The Student Room Group

Should a law be introduced obliging companies to advertise jobs at Job Centres?

I'm sick of people being given jobs because they happened to know someone who works at the company, without the job vacancy ever being advertised to the public. It doesn't seem right. Should companies be made to advertise all of their vacancies primarily through the Job Centre so that all job seekers have the opportunity of applying?
Reply 1
I think there should be a law obliging people from making stupid suggestions.
Reply 2
No.

And why would going jobs to regular unemployed people and not those unemployed people who happen to know someone at the company make any difference to anything?

I think you should network to know more people to help get you a job. You need to have contacts to get anywhere in this world.
It's more about who you know than what you know.

And you can't force an independent business to do something like this. It wouldn't work.
Reply 4
i can see your point, but its a complicated process plus wasting money and time, its quicker to employ inner contacts rather than outside and as been told cheaper, sadly its a tough world out there, a toughie
Reply 5
It's not what you know, but who you know. If you are part of Labour Councillor Mary Rimmer's family, you will be guaranteed a job at the council. It's all kept in the family. I guess that many companies operate like this.

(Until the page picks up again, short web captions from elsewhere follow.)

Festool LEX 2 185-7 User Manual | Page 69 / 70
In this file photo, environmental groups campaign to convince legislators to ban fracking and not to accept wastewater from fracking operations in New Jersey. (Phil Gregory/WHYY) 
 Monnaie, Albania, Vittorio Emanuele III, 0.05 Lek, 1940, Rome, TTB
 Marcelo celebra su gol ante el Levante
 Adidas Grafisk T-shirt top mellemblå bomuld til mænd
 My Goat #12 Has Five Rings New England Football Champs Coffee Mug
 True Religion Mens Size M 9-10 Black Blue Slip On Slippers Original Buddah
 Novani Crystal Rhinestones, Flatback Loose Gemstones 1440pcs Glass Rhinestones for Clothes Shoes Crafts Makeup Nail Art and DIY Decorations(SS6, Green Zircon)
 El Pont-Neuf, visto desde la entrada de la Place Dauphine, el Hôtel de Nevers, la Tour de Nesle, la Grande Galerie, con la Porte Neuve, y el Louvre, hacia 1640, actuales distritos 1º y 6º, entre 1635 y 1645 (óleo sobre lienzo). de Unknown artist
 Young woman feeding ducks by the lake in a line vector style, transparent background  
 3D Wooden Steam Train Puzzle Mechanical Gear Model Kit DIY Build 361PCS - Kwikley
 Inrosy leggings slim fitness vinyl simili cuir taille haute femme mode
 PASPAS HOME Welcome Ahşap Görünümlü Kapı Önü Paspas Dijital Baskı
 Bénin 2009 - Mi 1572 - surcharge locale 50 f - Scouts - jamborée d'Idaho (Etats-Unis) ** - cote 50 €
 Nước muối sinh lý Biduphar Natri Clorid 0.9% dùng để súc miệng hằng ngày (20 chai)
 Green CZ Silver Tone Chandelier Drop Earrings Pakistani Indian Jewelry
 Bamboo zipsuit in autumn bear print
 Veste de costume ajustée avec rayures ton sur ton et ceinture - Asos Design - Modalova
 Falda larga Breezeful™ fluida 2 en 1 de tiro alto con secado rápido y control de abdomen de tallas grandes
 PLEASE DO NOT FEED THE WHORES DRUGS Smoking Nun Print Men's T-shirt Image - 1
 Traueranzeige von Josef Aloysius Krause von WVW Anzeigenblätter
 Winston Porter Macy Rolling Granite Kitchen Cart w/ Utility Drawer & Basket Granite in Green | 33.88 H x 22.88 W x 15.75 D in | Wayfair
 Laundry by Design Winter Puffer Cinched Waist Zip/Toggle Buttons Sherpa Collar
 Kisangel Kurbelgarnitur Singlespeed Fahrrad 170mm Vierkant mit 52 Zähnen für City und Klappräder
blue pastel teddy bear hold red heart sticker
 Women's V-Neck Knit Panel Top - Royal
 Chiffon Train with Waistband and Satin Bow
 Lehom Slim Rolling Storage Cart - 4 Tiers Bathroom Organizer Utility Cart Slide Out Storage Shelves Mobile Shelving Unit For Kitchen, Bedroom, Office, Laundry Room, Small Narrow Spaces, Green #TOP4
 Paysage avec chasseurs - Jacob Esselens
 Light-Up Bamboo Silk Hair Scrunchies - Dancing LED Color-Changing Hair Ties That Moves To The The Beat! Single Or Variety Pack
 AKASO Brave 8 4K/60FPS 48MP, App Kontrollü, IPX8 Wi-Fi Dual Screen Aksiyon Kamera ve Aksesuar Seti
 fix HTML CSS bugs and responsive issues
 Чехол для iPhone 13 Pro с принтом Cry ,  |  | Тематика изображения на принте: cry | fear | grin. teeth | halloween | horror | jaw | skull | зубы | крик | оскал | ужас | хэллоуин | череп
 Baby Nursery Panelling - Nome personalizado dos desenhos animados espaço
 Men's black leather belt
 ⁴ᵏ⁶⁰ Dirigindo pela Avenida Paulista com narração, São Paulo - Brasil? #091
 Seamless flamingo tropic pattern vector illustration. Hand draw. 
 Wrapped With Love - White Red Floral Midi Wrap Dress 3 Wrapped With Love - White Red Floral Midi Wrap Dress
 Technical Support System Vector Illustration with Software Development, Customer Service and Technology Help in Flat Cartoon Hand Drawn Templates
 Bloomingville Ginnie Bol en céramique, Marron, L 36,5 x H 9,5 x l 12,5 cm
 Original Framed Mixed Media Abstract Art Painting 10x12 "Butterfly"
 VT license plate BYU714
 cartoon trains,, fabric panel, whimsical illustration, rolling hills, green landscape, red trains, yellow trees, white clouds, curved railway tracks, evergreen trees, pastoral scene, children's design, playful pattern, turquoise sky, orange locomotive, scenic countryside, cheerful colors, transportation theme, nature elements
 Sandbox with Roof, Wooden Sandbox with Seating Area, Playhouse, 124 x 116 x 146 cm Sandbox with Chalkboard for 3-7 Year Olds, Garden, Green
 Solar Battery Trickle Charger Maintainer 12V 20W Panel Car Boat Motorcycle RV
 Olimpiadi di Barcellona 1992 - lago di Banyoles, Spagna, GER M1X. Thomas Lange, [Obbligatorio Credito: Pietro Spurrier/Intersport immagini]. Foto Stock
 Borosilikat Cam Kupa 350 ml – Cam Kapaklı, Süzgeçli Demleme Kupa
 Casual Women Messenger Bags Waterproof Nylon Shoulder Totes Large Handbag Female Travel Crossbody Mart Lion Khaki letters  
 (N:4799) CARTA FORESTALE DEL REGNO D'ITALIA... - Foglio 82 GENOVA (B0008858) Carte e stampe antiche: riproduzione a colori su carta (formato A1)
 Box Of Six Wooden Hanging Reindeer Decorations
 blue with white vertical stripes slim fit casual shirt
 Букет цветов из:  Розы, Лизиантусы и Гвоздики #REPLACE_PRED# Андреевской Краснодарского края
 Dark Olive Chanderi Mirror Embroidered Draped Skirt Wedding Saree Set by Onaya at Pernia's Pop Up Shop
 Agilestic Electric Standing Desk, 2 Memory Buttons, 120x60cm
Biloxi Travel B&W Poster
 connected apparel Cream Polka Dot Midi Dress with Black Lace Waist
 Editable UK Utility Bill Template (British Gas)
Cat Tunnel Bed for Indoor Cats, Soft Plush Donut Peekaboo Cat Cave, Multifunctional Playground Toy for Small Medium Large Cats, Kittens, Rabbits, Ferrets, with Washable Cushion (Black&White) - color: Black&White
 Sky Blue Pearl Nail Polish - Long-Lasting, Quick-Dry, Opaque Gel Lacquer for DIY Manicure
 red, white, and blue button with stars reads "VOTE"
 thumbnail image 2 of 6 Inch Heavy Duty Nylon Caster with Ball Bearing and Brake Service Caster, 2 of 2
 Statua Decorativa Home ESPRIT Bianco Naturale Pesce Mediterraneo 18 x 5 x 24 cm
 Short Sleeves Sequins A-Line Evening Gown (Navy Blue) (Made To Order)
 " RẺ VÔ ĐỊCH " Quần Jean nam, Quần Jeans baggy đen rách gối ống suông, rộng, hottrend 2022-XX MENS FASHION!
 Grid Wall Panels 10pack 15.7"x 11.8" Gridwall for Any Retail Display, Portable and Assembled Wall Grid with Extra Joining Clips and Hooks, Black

That's capitalism for you.
Original post by Bookmark
I'm sick of people being given jobs because they happened to know someone who works at the company, without the job vacancy ever being advertised to the public. It doesn't seem right. Should companies be made to advertise all of their vacancies primarily through the Job Centre so that all job seekers have the opportunity of applying?


It's called external recruitment. Or so we've learnt in business.
Reply 7
Why does everyone think legislation solves everything?

Over-regulating businesses will drive them out of the country.
Human nature is human nature. People favour those they know over those they don't.
Original post by Martyn*
It's not what you know, but who you know. If you are part of Labour Councillor Mary Rimmer's family, you will be guaranteed a job at the council. It's all kept in the family. I guess that many companies operate like this.

That's capitalism for you.


That's a terrible example.
Reply 10
At the end of the day, a company isn't a democratic institution but an independent entity. Philosophically it'd be wrong to force them to hire in a certain way just the same as it would be wrong to force you to marry a random person.

I think there are bigger problems in that job centre adverts are an absolute joke as it is. Employment agencies are like misanthropic mid-level drug dealers: taking the original brief, cutting it with their own special cryptic bull**** and revealing as little about the job as possible. The job may or may not exist, but might just be a feeler.
Anyway, without sounding like a snob, job centres tend to be frequented by those who are being forced to look for work - less skills, less motivation to work - an employer is less likely to want this.

Obviously this is a total generalisation and I don't mean to say that there aren't many unfortunate people who have lost their jobs through no fault of their own and are seeking employment through a job centre.
I have recently had to use the job centre to find a job and found them useless, none of the jobs they had were relevant to me. I got off my a**e and looked myself, I searched websites, asked friends/ family, asked in shops, sent out random cvs and I managed to get a Xmas temp job.

So my answer is No they should not be forced to advertise with the job centre, a lot of companies do employ people internally and never advertise, that is up to them. At the end of the day if you really want a job you won't rely on the job centre you will do what I have and what no doubt many others have done and looked in a variety of places.
I would have thought it was an employer's prerogative to be able to hire people they actually know and trust in preference to random people off the street. They'd then open their job to the public after failing to find such a person.

Plus, advertising at a job centre costs a lot of time and money. People at the JobCentre apply to all sorts of jobs without really researching the role, making sure that they're actually experienced and qualified for the job being advertised etc. It's usually the first port of call for people who are struggling to find work, rather than those who naturally fit a certain role. It just means that a lot of people who clearly aren't going to get the job end up applying to it anyway. And then the employer has to pointlessly go through all these CVs.

The very best applicants probably haven't been anywhere near a JobCentre, so companies offering very highly skilled jobs will be wasting their time there. And it would be wasting the applicants' time too. It's highly unlikely that the ideal candidates would have been applying at the JobCentre, and therefore unlikely that JobCentre applicants will get hired anyway.

It's a lot more efficient for say, an accountancy job to only be subtly advertised in an accountancy circle, or in journals and newsletters which are specifically targeted towards people in the industry. Rather than advertising a job to the whole country, it saves so much effort to only advertise to people who stand a chance of getting that job. Particularly if it's a competitive one, they can afford to make the applicant search for them, rather than them searching for the applicant.

If say, an Investment Bank or Consultancy Firm started advertising at the JobCentre, it would be more of a formality than anything. I reckon it would result in pretty much no hirings, but lot of paperwork.